Tidak banyak ekonom seberuntung Widjojo yang mendapatkan kesempatan menuliskan lembaran ekonomi Indonesia pada ‘selembar kertas putih’ dampak dari peralihan kekuasaan dari Soekarno ke Soeharto.
Setelah menyelesaikan pendidikan di FEUI, Widjojo bergabung dengan Badan Perantjang Negara pada tahun 1953. Kemudian melanjutkan pendidikan sampai tingkat doktoral di Universitas California Barkeley selesai tahun 1961. Di luar aktifitas sebagai perencana, Widjojo juga meluangkan waktu untuk menyebarkan ilmu dengan mengabdikan diri sebagai pengajar FEUI
Widjojo memimpin pembangunan ekonomi dengan memadukan intervensi pemerintah dan mekanisme pasar dengan . Keterpaduan makro-mikro disusun dengan berhati-hati, intervensi pemerintah dilakukan melalui anggaran dan penyertaan modal di BUMN, dan mendorong perkembangan swasta didorong lewat pembukaan penanaman modal asing yang beorientasi membangkitkan sektor produksi dalam negeri.

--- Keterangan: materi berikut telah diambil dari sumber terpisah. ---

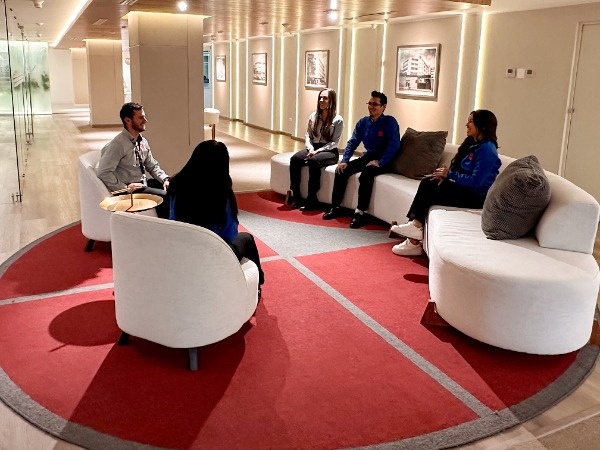 Área común para el disfrute de nuestro personal de la sede Administrativa ubicada en Petare Edo. Miranda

Di sisi lain, dalam menunjang kepemimpinannya Widjojo membangun budaya birokrasi yang sangat berbeda dibanding birokrasi Orde Baru. Birokrasi pada masa itu mengadopsi penuh gaya feodal Soeharto yang sangat menekankan ketegasan batasan antar lini, dimana garis komando sangat terjaga ketat sehingga hubungan atasan dan bawahan sangat kaku.

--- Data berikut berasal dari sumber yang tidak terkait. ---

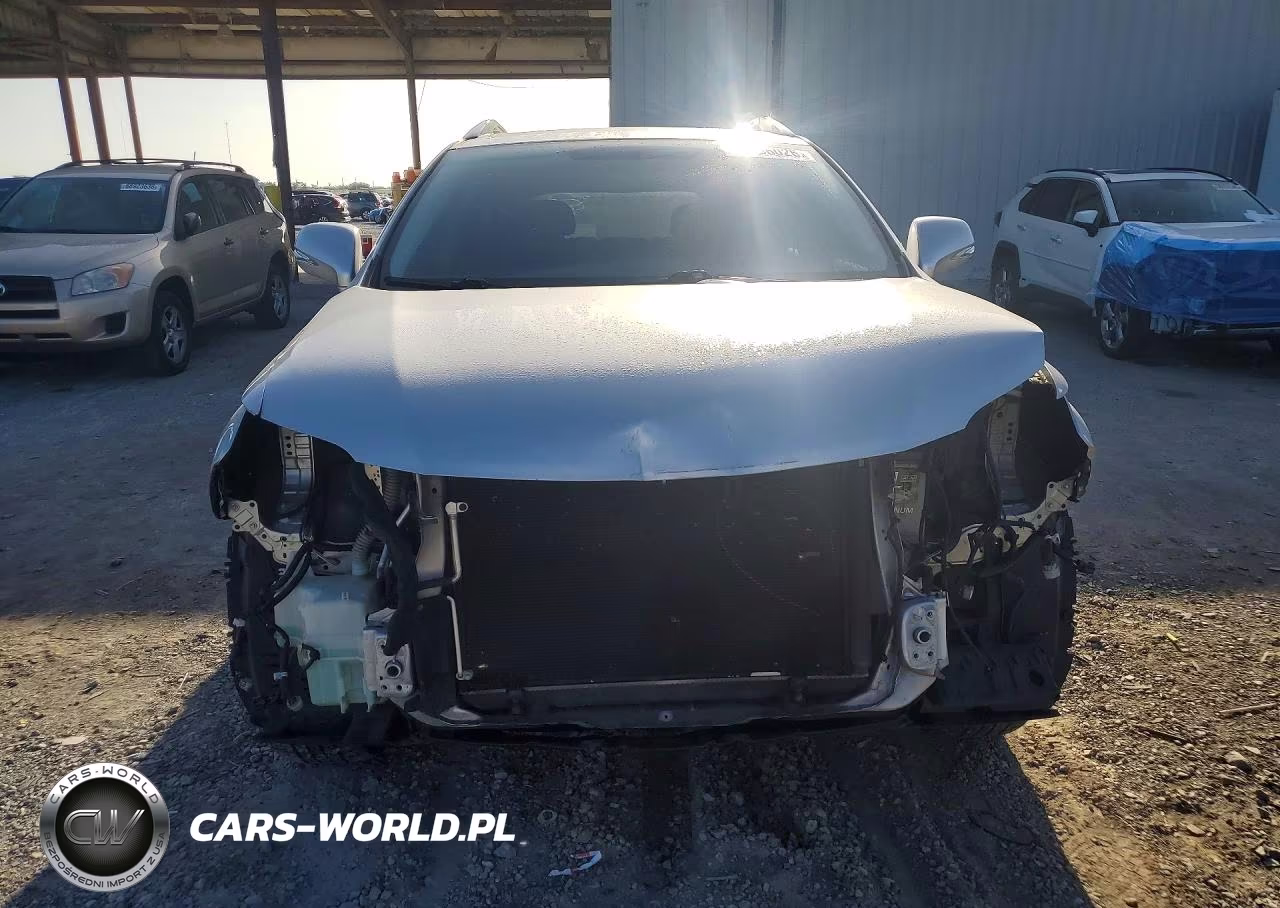 2015 Lexus Rx 350 Base VIN:2T2BK1BAXFC342709 - 5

Widjojo yang mengabdikan hampir seluruh masa aktifnya di Bappenas justru lebih memilih budaya egaliter. Budaya ini mengikis hubungan feodal kaku antara atasan dan bawahan menjadi cair dan cukup demokratis.
Bappenas di bawah Widjojo mempunyai tugas memformulasikan perencanaan jangka menengah, tahunan dan APBN khusus anggaran pembangunan. Untuk perencanaan jangka panjang, draft formulasi dilakukan bersama Lemhanas untuk kemudian disahkan pada sidang umum MPR.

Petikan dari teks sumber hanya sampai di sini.